Each line from the top of the listing through the one holding "What USMLE wants" should be restated word for word, with nothing added and no pictures.

########

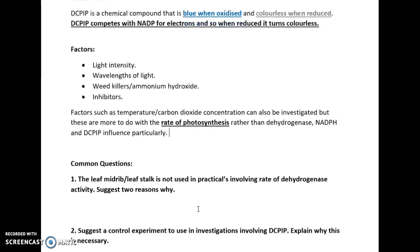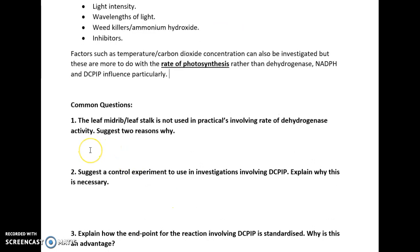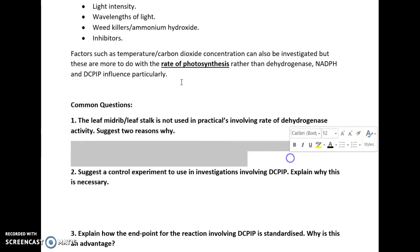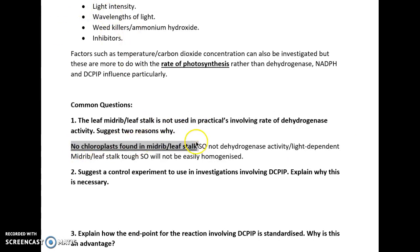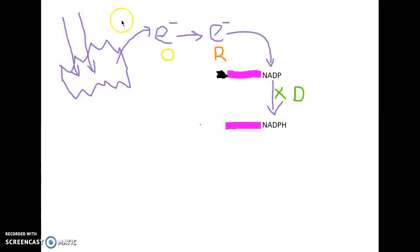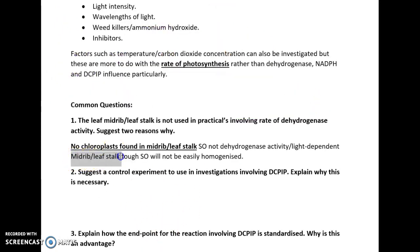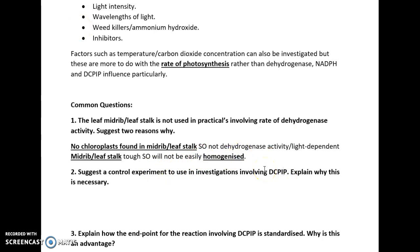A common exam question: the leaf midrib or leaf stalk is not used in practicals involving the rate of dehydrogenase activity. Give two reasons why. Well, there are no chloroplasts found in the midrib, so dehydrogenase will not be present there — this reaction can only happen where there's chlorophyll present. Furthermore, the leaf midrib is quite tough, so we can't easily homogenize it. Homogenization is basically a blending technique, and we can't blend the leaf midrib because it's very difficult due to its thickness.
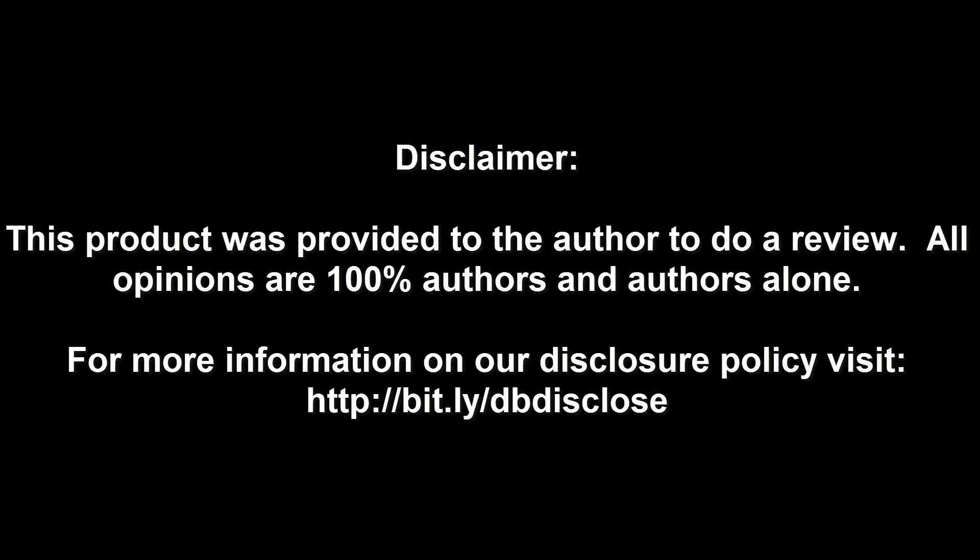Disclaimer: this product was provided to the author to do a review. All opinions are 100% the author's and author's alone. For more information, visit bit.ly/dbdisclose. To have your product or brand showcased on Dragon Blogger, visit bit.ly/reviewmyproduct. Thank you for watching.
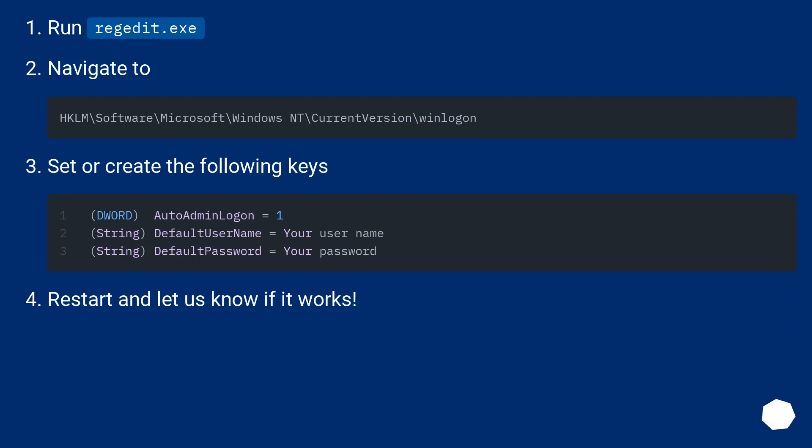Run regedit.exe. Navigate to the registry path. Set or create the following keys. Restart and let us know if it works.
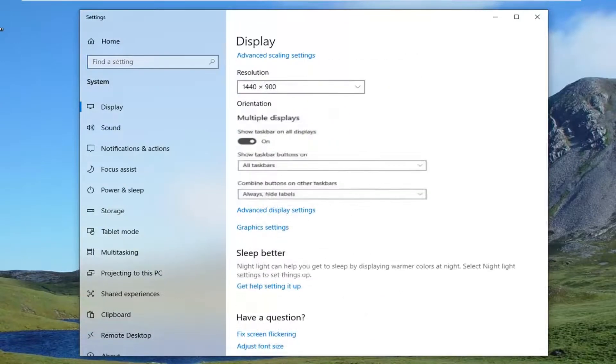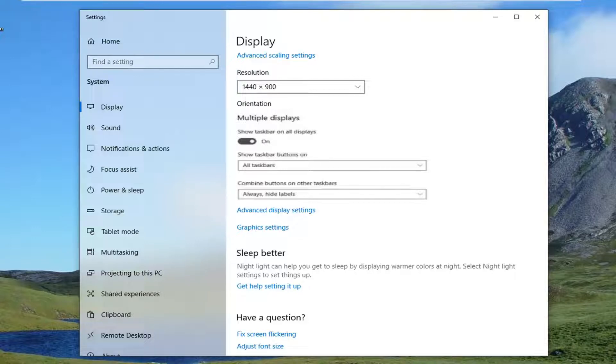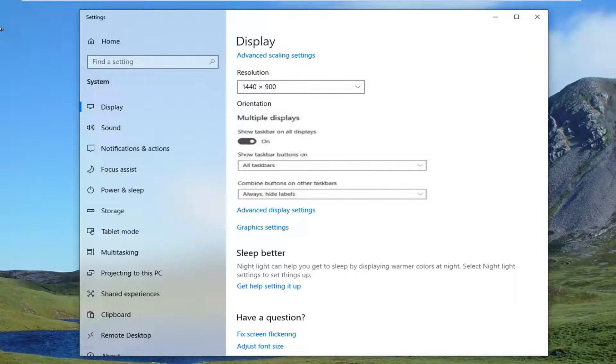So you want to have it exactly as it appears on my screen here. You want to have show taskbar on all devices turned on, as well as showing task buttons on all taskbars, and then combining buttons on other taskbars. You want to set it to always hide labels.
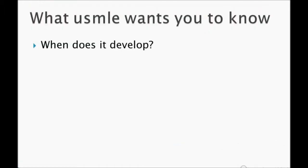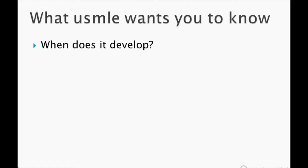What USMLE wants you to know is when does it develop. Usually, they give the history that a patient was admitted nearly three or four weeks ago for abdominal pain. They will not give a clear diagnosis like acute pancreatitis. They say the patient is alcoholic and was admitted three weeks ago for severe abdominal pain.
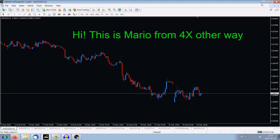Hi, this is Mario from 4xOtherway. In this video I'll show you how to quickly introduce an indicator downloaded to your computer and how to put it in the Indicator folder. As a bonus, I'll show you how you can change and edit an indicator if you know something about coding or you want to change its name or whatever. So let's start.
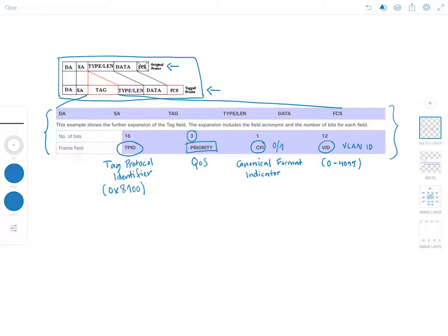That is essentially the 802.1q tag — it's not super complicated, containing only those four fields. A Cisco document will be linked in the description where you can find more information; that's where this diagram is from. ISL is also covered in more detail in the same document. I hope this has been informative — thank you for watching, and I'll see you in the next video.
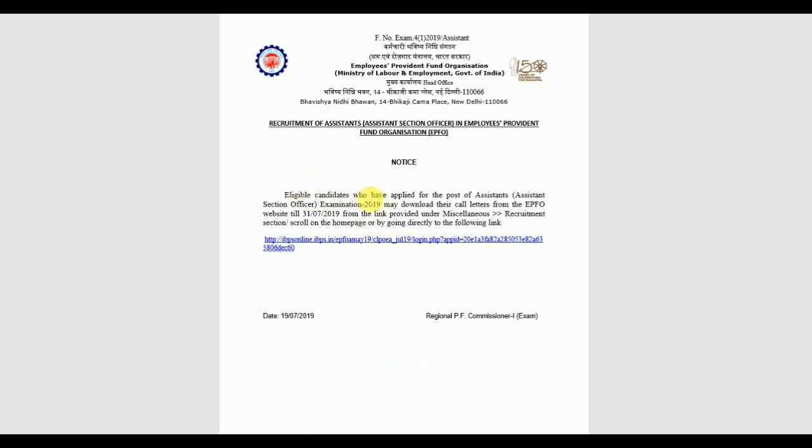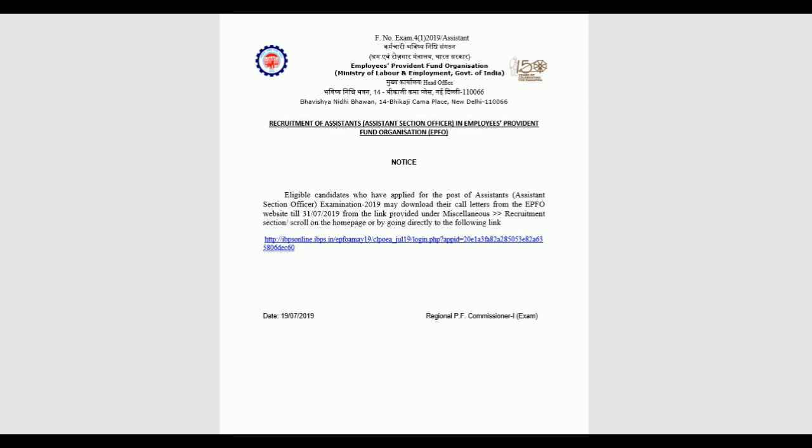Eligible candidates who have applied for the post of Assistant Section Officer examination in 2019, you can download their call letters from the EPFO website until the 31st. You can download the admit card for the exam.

########

» Answer below:
A common exam question: the leaf midrib or leaf stalk is not used in practicals involving the rate of dehydrogenase activity. Give two reasons why. Well, there are no chloroplasts found in the midrib, so dehydrogenase will not be present there — this reaction can only happen where there's chlorophyll present. Furthermore, the leaf midrib is quite tough, so we can't easily homogenize it. Homogenization is basically a blending technique, and we can't blend the leaf midrib because it's very difficult due to its thickness.
Disclaimer: this product was provided to the author to do a review. All opinions are 100% the author's and author's alone. For more information, visit bit.ly/dbdisclose. To have your product or brand showcased on Dragon Blogger, visit bit.ly/reviewmyproduct. Thank you for watching.
Run regedit.exe. Navigate to the registry path. Set or create the following keys. Restart and let us know if it works.
So you want to have it exactly as it appears on my screen here. You want to have show taskbar on all devices turned on, as well as showing task buttons on all taskbars, and then combining buttons on other taskbars. You want to set it to always hide labels.
What USMLE wants you to know is when does it develop. Usually, they give the history that a patient was admitted nearly three or four weeks ago for abdominal pain. They will not give a clear diagnosis like acute pancreatitis. They say the patient is alcoholic and was admitted three weeks ago for severe abdominal pain.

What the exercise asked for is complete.